Presentation Abstract

In my two and a half years working in a web environment, where quality and time to market are both essential to success, I've been frustrated by the difficulty in combining these traits within traditional software process. After reading Kent Beck's book, eXtreme Programming Explained, I couldn't wait to try this methodology to enable small teams to deal with short timeframes and changing requirements while still producing high quality software. I recently joined iFactor-e, where we use XP to combine the highest levels of quality and shortest time to market.

Testing in a Web environment can feel like leaping out of a plane. Testing in an XP environment feels like competing in a sky-surfing competition. You have to be better than everyone else, but you don't have much time. You can only hope for a soft landing. While the eXtreme Programming literature (including Ron Jeffries' book, eXtreme Programming Installed), centers around unit and integration testing as part of the XP core process, I felt that functional/acceptance testing from the customer perspective was incompletely defined. The role of the tester in XP is clearly defined - to help the customer choose and write functional tests and to make sure those tests run successfully. The question is, how to do this when the ratio of developers to testers is quite high (8 - 1 is recommended, and we are in a more extreme ratio than that) and the development iterations are so short.

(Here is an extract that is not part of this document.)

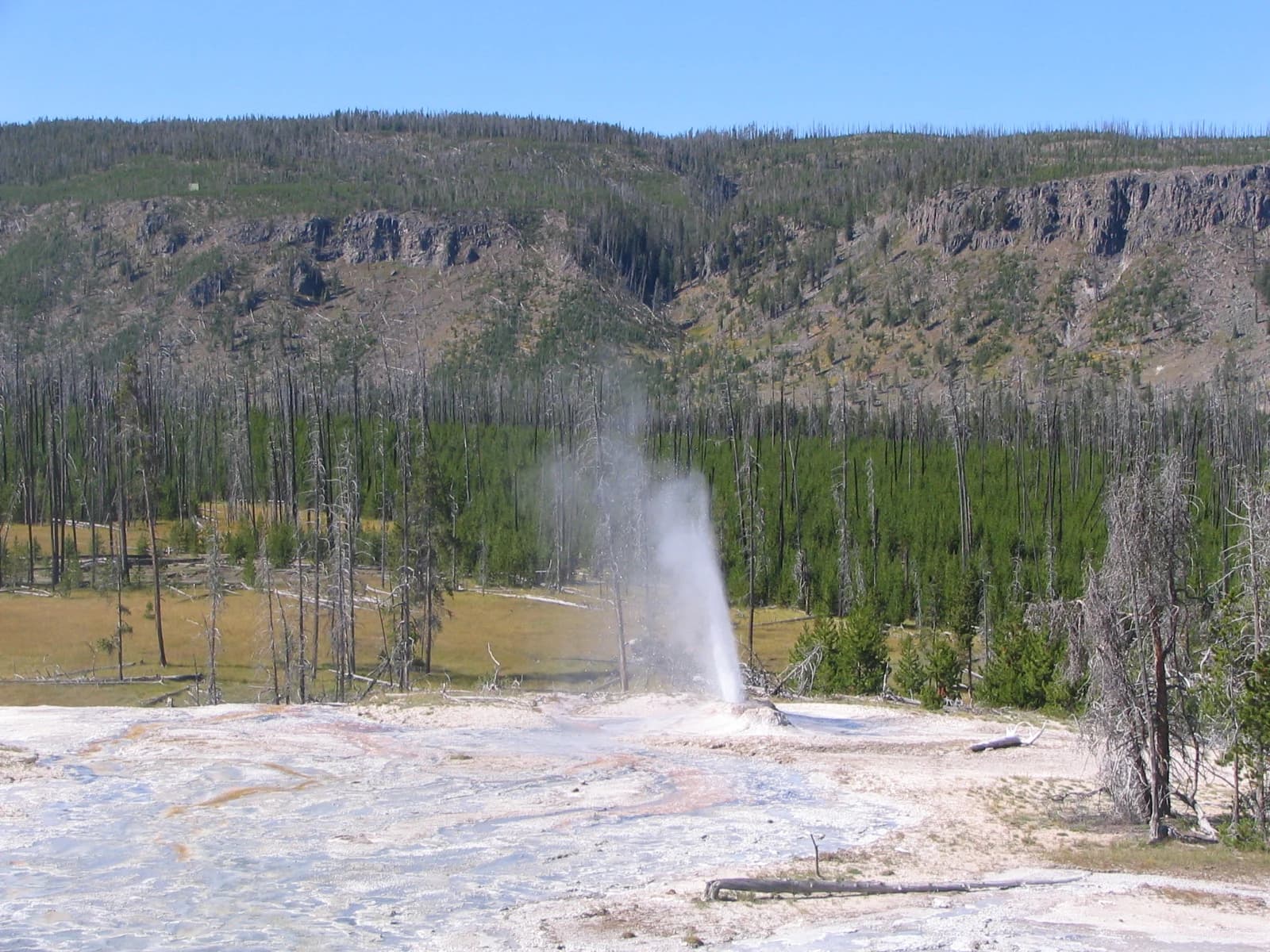Yellowstone, United States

Like an extreme-sports competitor, the XP tester needs courage, speed, stamina and creativity. Working with the developers and with input from an automated test tool vendor, I have developed an approach to designing modularized, self-verifying tests that can be quickly developed and easily maintained. I'll present my basic design and give some examples. I used the test tool WebART, but this methodology should be applicable to any au tomated tool that includes a scripting language.

About the Speaker

I have eighteen years experience in the industry with the last nine in Testing and Quality Assurance. I started out as a programmer and later worked in customer support and QA for large software vendors. In March of 1998, I discovered the world of Web startups, joining TRIP.com as the first test engineer. The challenge of building quality into Web applications while meeting tight development cycles was eye-opening. At TRIP.com, I built a QA department of seven test engineers testing state-of-the-art, first-of-their-kind applications such as flightTracker and intelliTRIP. I felt, however, that we never found a really good process that worked to produce high-quality software in a short amount of time. Missed deadlines were common. Still, we were proud of our accomplishments, as TRIP.com grew to one of the highest-traffic travel Web sites, rated 4.5 out of 5 starts by BizRate and ranked near the top of the Keynote Top 40 websites for performance.

Several developers from TRIP.com left to join a new startup, iFactor-e, devoted to using eXtreme Programming to combine high quality and short time to market to wow the customer. One of these developers loaned me Kent Beck's book. After I read that, I was eager to try XP myself and was fortunate enough to be hired as the first test engineer at iFactor-e in July of 2000. Since then, I have been racing to establish a functional testing methodology that successfully applies the values of XP.

I have given successful presentations at both local and international user and QA conferences to audiences of up to 60 people. I have many years experience training both technical and end users.